If you can remember what it means to COPY [/Y|-Y] [/A][/B] [a:][path]filename [/A][/B] [b:][path][filename] [/V], or file transfers over a 28.8, or playing Oregon Trail (Without graphical interfaces!) then give this a read. And most of you would probably laugh your assets off while doing so.

As David would say:

Read The Rest.

14 October, 2007

Personal Log

I set a new record tonight.

After almost everyone else from RMBB 7.2 went home (Aside from Bill with four Ls, who was there for one of my attempts.), I talked to three different women. All of them had smiles so bright that you could see them from orbit. That is my official Most Attractive Quality in a female.

Admittedly, I struck out with all three. Admittedly, it was worse of a showing than the Red Sox had tonight in the bottom of the 11th inning.

Yet I made the attempt. And that, dear readers, is something that I rarely can bring myself to do after the vast multiples of disastrous relationships I have in my personal history. With all the pain and disappointment and full-out depression that has followed most of my past relationships, to simply be at a bar and have a conversation with an attractive woman is a definitive advancement for me.

Who knows... Maybe one of these days, something might actually happen after a Blogger Bash. Or any other time. Something where I don't go home by myself. Or don't go home period, for that matter.

But I wouldn't hold my breath for it. I may have made attempts, but that does not blind me to the reality that is my life.

So tonight, it is just me and the cats. As usual. With Lisa Loeb playing on the Winamp. As usual.

So here is to one of these days... Yeah. I'll drink to that.

13 October, 2007

To Advocate Equality

[In response to this, yet I will not comment on what Jeff Fecke says or the logical flaws of his diatribe.]

It is not proper for any American to remove any rights from any person without due process. Period. Ad infinitum. Ad astra. Ad nauseum. Forever and ever. Amen. It was a fundamental error by our ancestors to pretend that the color of one's skin or the location of one's gonads determined whether or not the fundamental rights of, much less membership within, Homo sapiens applied to them. As such, it is just as fundamental of an error for anyone else to do so, regardless of what motivation is behind the movement.

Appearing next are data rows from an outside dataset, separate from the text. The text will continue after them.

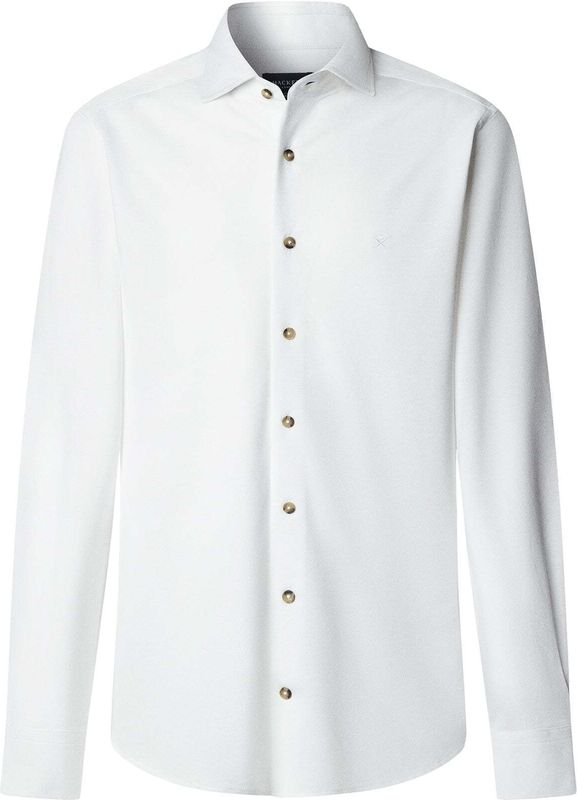 Hackett - HM3010424 - Overhemd - Wit - Katoen - Lange Mouwen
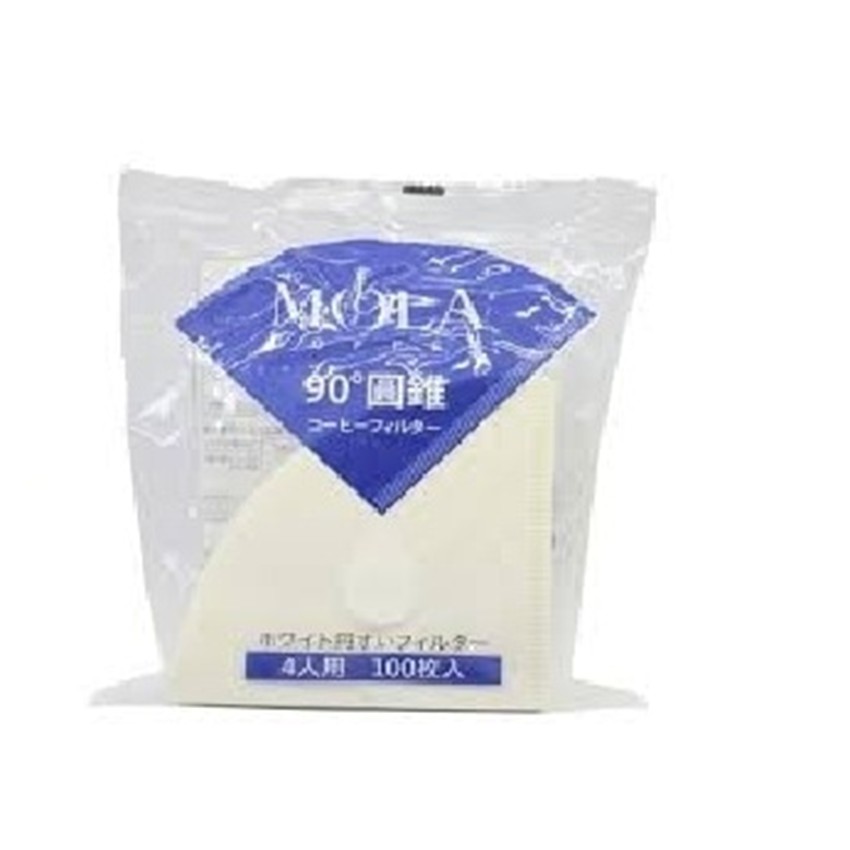 กระดาษกรองกาแฟ V60 สีขาว MOLA กระดาษกรอง V02 กรองกาแฟ V60 กระดาษกรอง V60 V02 BLEACH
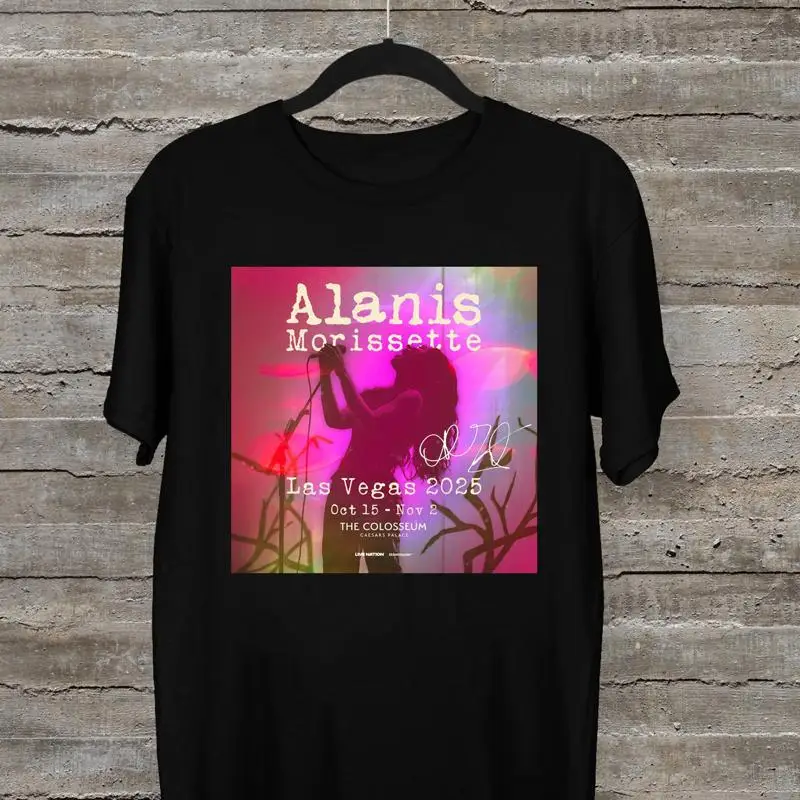 NEW Alanis Morissette 2025 Las Vegas Black All Size T-Shirt AR1270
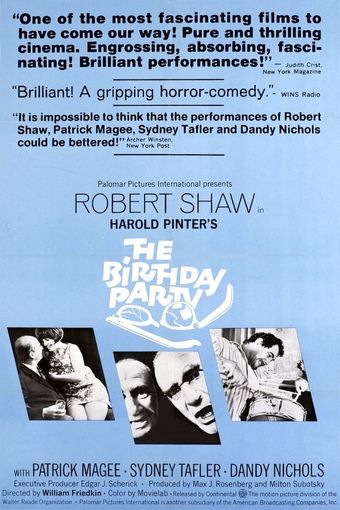 the birthday party 1968 poster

I cannot disagree that there has been injustice performed by some of those who are, as I am, white and male. That is a simple fact that only the blind cannot see and only the ignorant can ignore. Still to this day, women are treated as if they are less than a human being simply due to their lack of a Y-chromosome: the glass ceiling, income inequality, the removal of personal autonomy, objectification, mutilation, humiliation... The list of offenses that short-sighted individuals have performed unto women is a long and miserable one. It has been codified into our laws. It has been decreed among our religions. It has been solidified in our societies. It is pervasive. It is subconscious. It is everywhere. And this is but a single example that does not touch racial discrimination, religious discrimination, ethnic discrimination, sexuality discrimination, or any of the myriad of other forms of discrimination that exist in human society.

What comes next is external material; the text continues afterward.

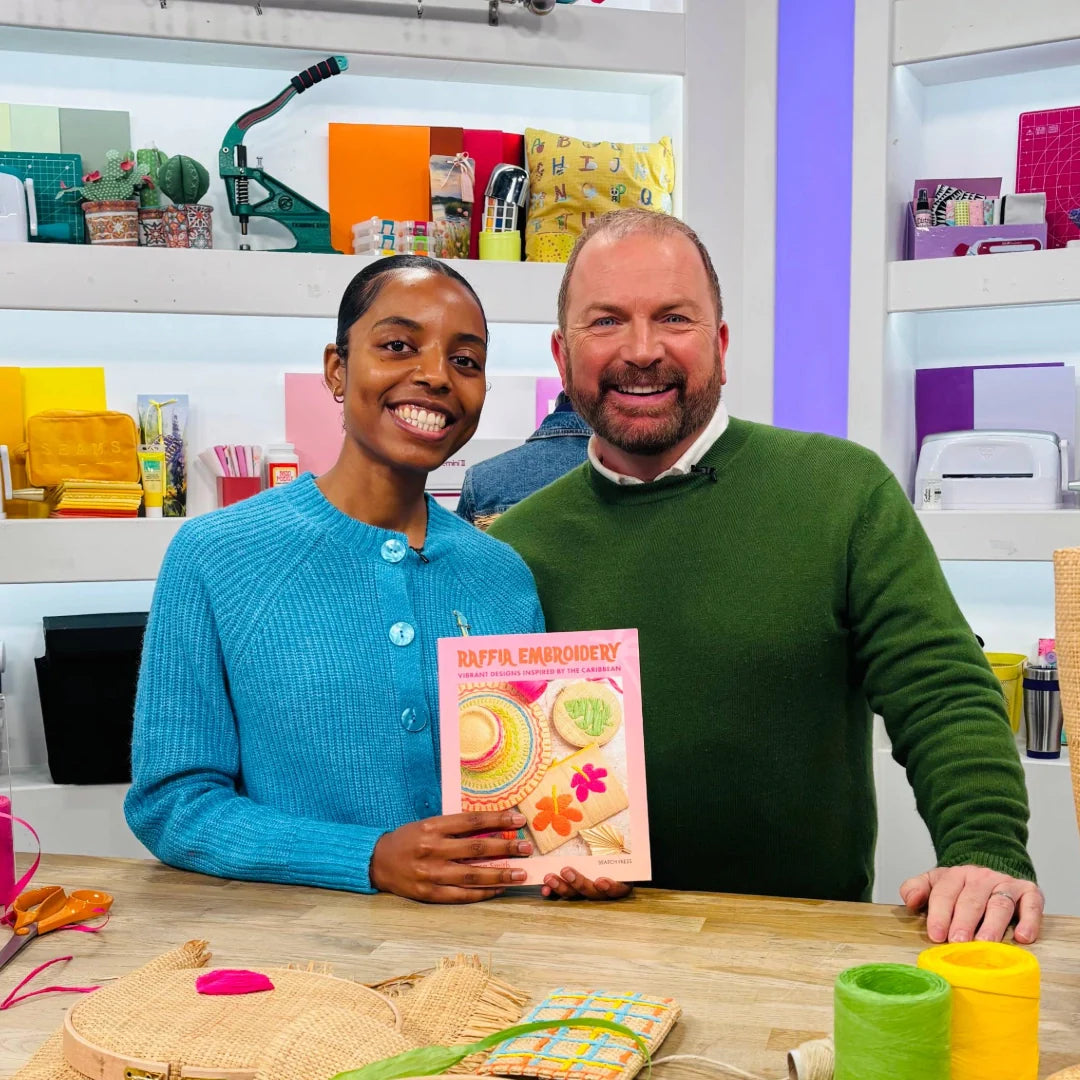 Tihara Smith with Stuart Hillard at Sewing Street - Raffia Embroidery Book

There is no reason to excuse rape. There is no reason to excuse spousal battery. There is no reason to excuse child abuse. There is no reason to excuse oppression. There is no reason to excuse any crime, of any type, perpetrated on someone because of their gender or the color of their skin or their political views or their religion or even what they had for breakfast the day before yesterday.

Likewise, there should be no reason to automatically expect those things to occur against you because of those factors. That is against the principle of equality. One does not combat injustice by ensuring more injustice. As Mohandas Gandhi said, "An eye for an eye makes the whole world blind." Subjecting another to the same violations that you were forced to endure is to fall under the same trap, the same impossible fallacy, as you purport to fight against.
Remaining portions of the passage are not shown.